Не втравился ли Мехико в очередную из тысячи сомнительных межсоюзнических шпионских афер, которые навозникали по всему Лондону, едва здесь обосновались американцы и дюжина ссыльных правительств? Немцы у них странным образом растворились до малозначительности. Всякий озирается через плечо, «Свободные Французы» мстительно строят козни вишистским предателям, люблинские коммунисты целят в варшавских теневых министров, греки из ЭЛАСа ходят по пятам за монархистами, не подлежащие репатриации мечтатели на всех языках надеются одной лишь силой воли, кулаков, молитвы вернуть королей, республики, претендентов, летние анархизмы, канувшие, не успели сжать первый урожай... кто-то жалко мрет, безымянный, подо льдом и снегом воронок в Ист-Энде, и найдут его только весною, кто-то спивается или удалбывается опием, чтобы только выдержать превратности дня, большинство как-то теряет — теряет остатки своих душ, доверяют все меньше и меньше, их захватывает нескончаемая трескотня игры, ее каждодневная самокритика, ее требования абсолютного внимания... и какого это иностранца Пират имеет в виду, если не ласкара без родины, этого несчастнейшего изгнанника, что глядит на него из зеркала...

Что ж: он догадывается, Они обремизили Мехико, и теперь тот влип в какие-то подобные византийские игрища, вероятно, связанные с американцами. А может, и с русскими. Поскольку «Белое явление» призвано заниматься психологической войной, в нем нашло приют всякой твари по паре: тут бихевиорист, там павловец. Пирата не касается. Но он отмечает: с каждой доставкой пленки энтузиазм Роджера растет. Нездорово, нездорово: такое чувство, будто Пират наблюдает пагубное пристрастие. Словно его друга, его условного военного друга используют для чего-то не вполне пристойного.

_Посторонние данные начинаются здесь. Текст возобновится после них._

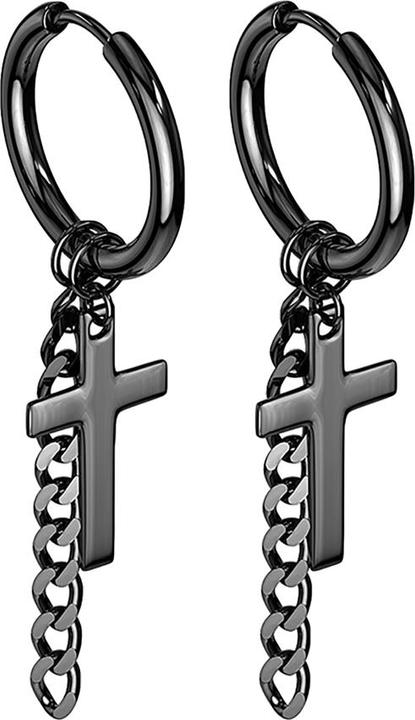 Produktbild Star Piercing Ohrring schwarz Anhänger Kreuz mit Kette (ohne Messing, Chirurgenstahl 316L)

Что тут сделаешь? Если б Мехико хотел об этом поговорить, он бы нашел способ, и к черту безопасность. Его нежелание — иного сорта, нежели Пиратово насчет Операции «Черное крыло». Больше похоже на стыд. Сегодня, беря конверт, не прятал ли Роджер глаза? те лупцевали углы с невероятной скоростью, рефлекс покупателя порнографии... гм-м. Знаем мы Бомбажа — вероятно, так и есть, молодая дамочка охмуряет обеспеченного юношу, несколько поз — полезнее всего, что нафотографировала эта война... жизнь, по крайней мере...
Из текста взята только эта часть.